**Task goal**
Everything below from the line with "Piąte zdjęcie samochodu" through the line with "LOLITA SUN | Purple Plum" should be copied exactly, and nothing else; leave out the pictures.

**Source data**
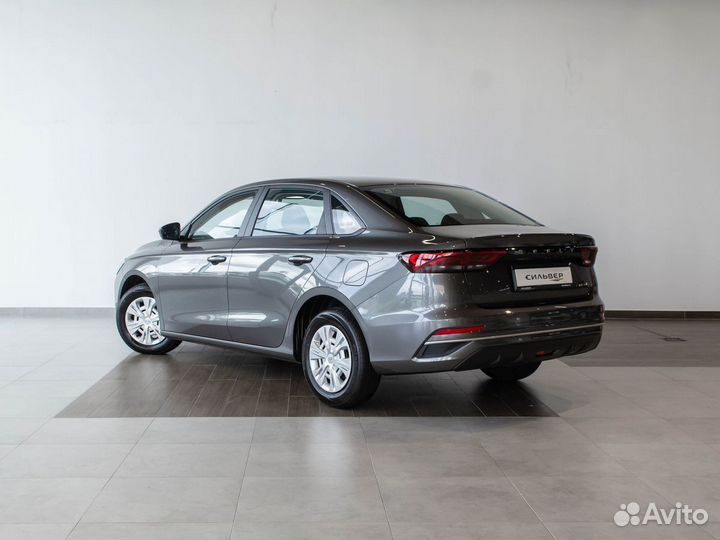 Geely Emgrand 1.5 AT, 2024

* * *

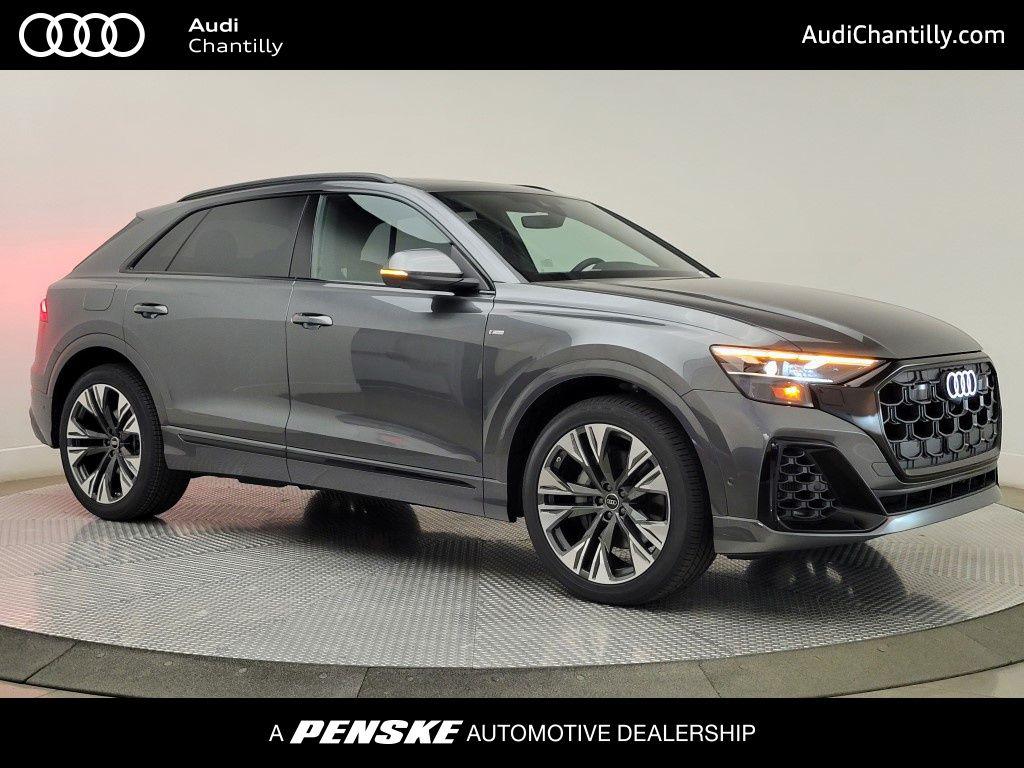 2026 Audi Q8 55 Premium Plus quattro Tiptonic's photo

---

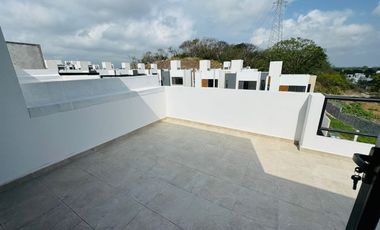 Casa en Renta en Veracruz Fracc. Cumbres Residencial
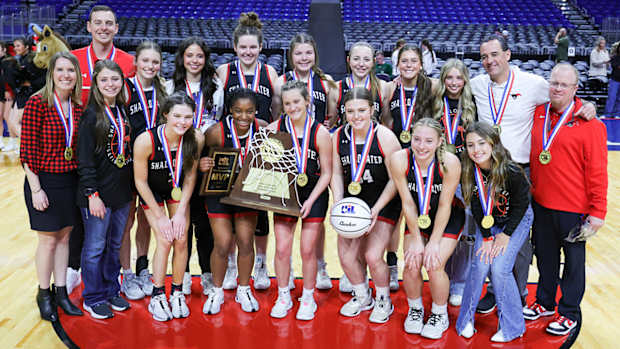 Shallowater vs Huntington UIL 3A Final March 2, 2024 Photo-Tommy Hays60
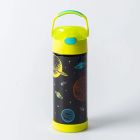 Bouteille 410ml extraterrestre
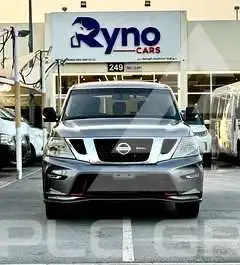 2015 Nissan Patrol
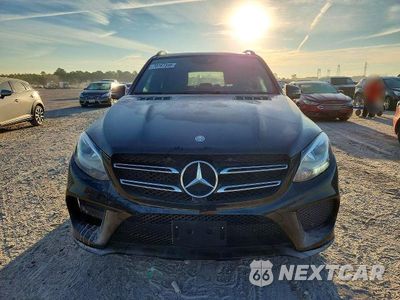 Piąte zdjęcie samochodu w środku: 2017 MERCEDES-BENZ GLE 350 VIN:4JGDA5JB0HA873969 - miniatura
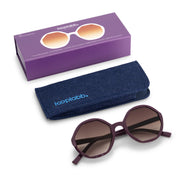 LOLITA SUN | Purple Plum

**Completed exercise**
 Piąte zdjęcie samochodu w środku: 2017 MERCEDES-BENZ GLE 350 VIN:4JGDA5JB0HA873969 - miniatura
 LOLITA SUN | Purple Plum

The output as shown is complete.